Fluoridation opponents also question whether fluoridation of drinking water has been as effective in preventing cavities as the ADA and public health officials claim.
The 2003 National Survey of Children’s Health, conducted by the U.S. Department of Health and Human Services, gathered information on dental health and family income in all 50 states.
It found that the best predictor of good dental health was a history of preventive care in the previous 12 months.
Opponents have used that data to point out that in Washington, where 59 percent of residents drink fluoridated water, 71.5 percent in the 2003 study had very good to excellent teeth. But in Oregon, just 19.4 percent of residents drank fluoridated water, yet 68.4 percent of children in the study had very good to excellent teeth.

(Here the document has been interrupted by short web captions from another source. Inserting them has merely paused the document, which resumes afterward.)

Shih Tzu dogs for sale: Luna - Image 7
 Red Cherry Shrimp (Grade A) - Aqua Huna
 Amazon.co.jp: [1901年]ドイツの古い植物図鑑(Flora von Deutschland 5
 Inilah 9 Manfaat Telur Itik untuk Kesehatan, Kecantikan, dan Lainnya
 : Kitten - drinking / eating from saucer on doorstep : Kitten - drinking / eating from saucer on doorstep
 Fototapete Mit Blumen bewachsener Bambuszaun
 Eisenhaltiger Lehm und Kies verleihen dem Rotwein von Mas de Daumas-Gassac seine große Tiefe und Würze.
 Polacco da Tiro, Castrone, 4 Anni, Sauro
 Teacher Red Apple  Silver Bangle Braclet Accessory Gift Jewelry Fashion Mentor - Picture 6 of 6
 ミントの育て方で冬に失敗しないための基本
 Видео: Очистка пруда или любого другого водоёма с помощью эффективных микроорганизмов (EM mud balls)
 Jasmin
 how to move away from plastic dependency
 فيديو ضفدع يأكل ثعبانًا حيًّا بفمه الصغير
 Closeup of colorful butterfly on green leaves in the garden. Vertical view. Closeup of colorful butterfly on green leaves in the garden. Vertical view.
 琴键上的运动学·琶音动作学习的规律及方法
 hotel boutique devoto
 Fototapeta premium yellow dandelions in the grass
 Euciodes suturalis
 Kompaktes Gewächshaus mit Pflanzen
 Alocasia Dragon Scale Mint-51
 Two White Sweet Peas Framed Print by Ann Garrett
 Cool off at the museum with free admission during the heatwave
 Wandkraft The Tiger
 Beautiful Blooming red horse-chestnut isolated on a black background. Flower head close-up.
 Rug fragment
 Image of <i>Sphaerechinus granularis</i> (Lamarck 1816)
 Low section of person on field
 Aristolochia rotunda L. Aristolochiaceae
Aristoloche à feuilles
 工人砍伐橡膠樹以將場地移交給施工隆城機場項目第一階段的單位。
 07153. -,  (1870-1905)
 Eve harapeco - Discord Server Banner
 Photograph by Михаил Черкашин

“Oregon has as good or better dental health than Washington,” dentist Osmunson said.
Clark County’s Melnick questions the study’s methodology, noting that parents self-reported their children’s dental health information. “My goal is to get the right information out there,” he said.
Osmunson was a believer in water fluoridation for 25 years. He even urged local water districts in Idaho to start adding fluoride.
After moving to Oregon, he started looking at the research. “One of the things that woke me up was the lack of tooth decay in Lake Oswego,” a city that did not fluoridate its water, he said.
Osmunson no longer supports water fluoridation. He doesn’t even recommend fluoridated toothpaste for his patients. There are too many unanswered questions, he said.
“We know fluoride can cause an increase in fractured bones,” he said. “Can it also cause an increase in fractured teeth, and did fluoride contribute? No one has studied that.”